Noise SAR system combines random noise radar with SAR technique holding both advantages of the two individuals. Random noise radar refers to radar whose transmitted signal is a microwave noise or is modulated by noise source. It has excellent electronic counter countermeasure capability, very low probability of intercept, high electro-magnetic compatibility, good counter electronic support measure capability, and ideal 'thumbtack' ambiguity function [3]. In [4–7], basic principles and typical noise radar systems are presented with further analysis. Noise radar was originally developed with homodyne receivers for short-range applications [5]. In current, it has been used in diverse areas, such as SAR and inverse synthetic aperture radar [8–10], collision warning, altimetry, ground penetration detection of buried objects, and Doppler estimation [11–13]. Recently, depending on random noise radar system, through-wall detection technique is developing fast for anti-terrorism and earthquake rescue [14, 15].

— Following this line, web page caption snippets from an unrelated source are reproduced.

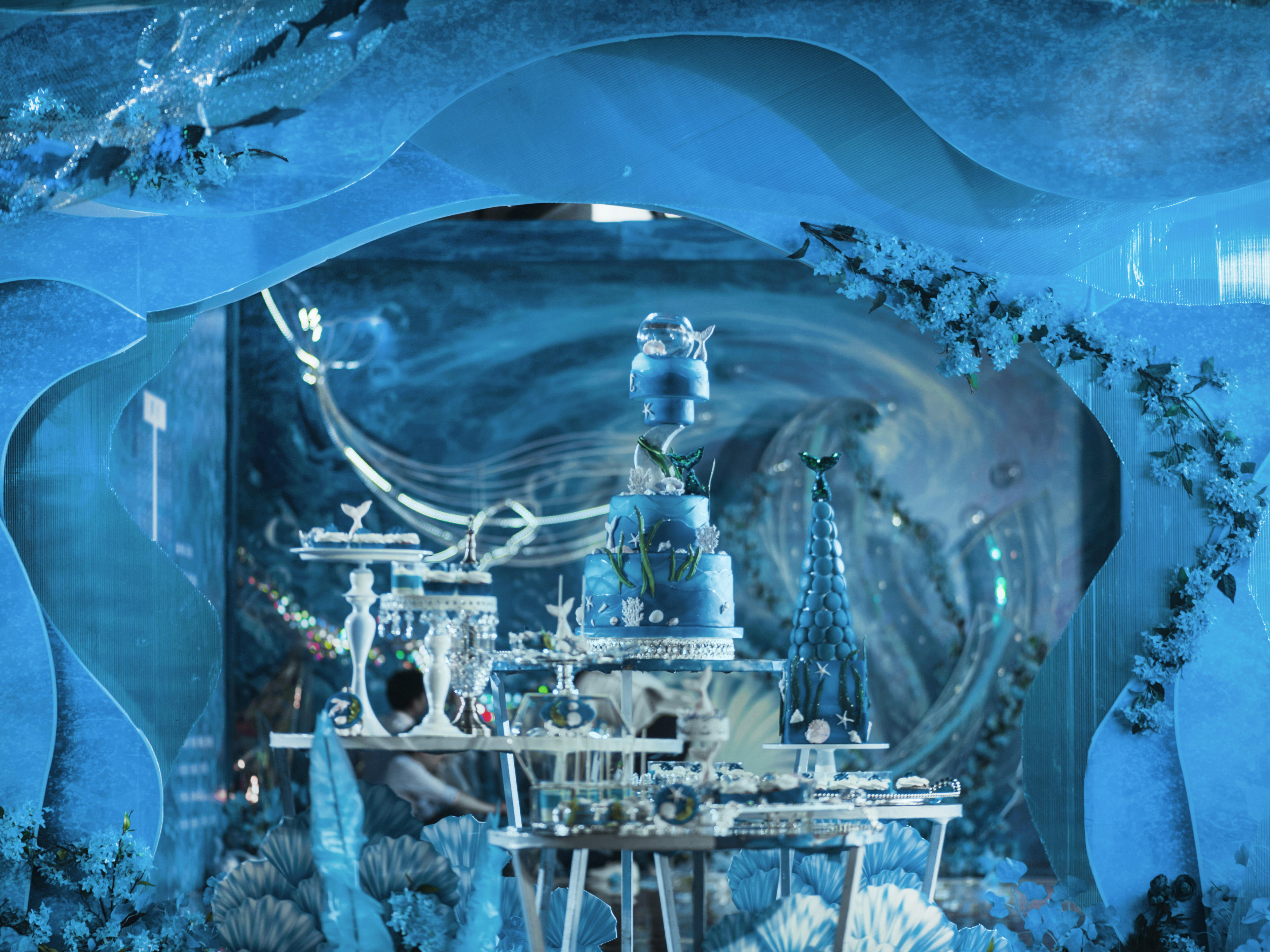 深海丨DreamPark·海洋蓝色主题婚礼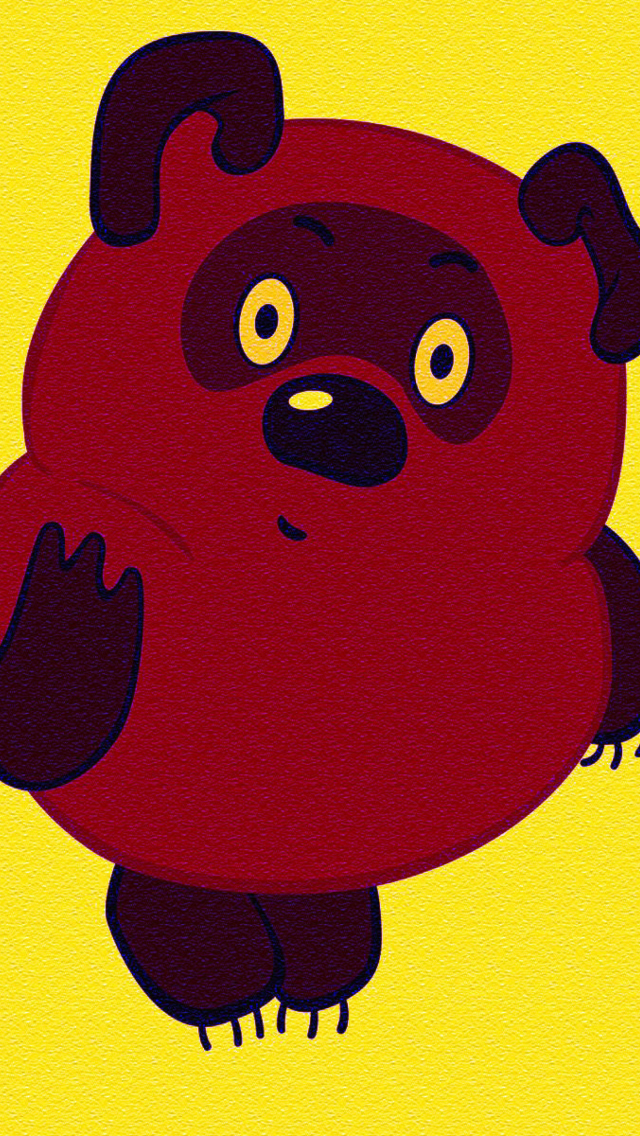Das Russian Cartoon Character Winnie Pooh Wallpaper 640x1136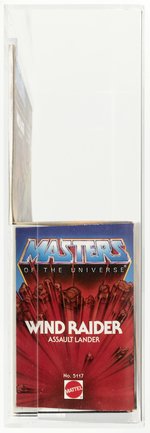 MASTERS OF THE UNIVERSE (1983) - WIND RAIDER VEHICLE SERIES 1/12 BACK AFA 80+ NM.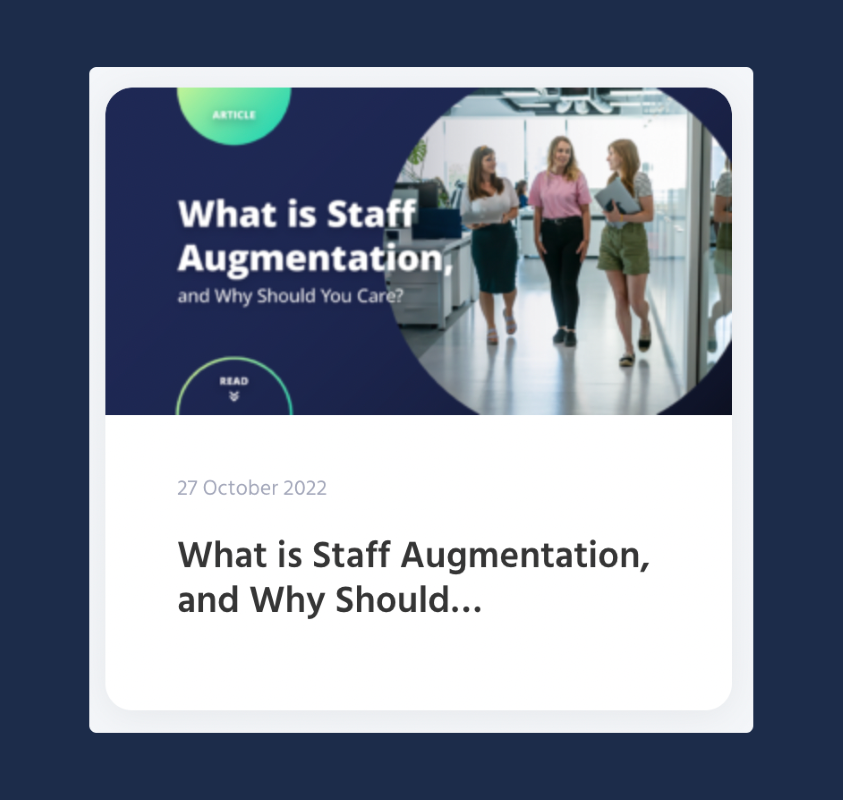 Codibly covers topics on staff augmentation – a term that’s widely searched by their audience.
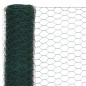 vidaXL Maschendraht Stahl mit PVC-Beschichtung 25×1,2 m Grün vidaXL Maschendraht Stahl mit PVC-Beschichtung 25×1,2 m Grün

Noise SAR makes random noise radar acquire the capability to imaging, meanwhile it improves the performance of anti-jamming for SAR system due to its truly random transmission signal [16]. It has become a useful remote sensor for military and civil missions, such as high-resolution land mapping, wave height monitoring, forest inventory, etc. Noise SAR imaging has been studied a lot in recent years. Experimental researches focusing on noise SAR imaging algorithms have been implemented in practice [8, 9, 17]. In noise SAR imaging, the system also suffers from high sidelobes which leads to resolution degradation for images. Target detection is severely deteriorated by high sidelobe level, especially in subsurface profiling application. Therefore, sidelobe reduction is meaningful to obtain correct output responses and high-quality noise SAR images.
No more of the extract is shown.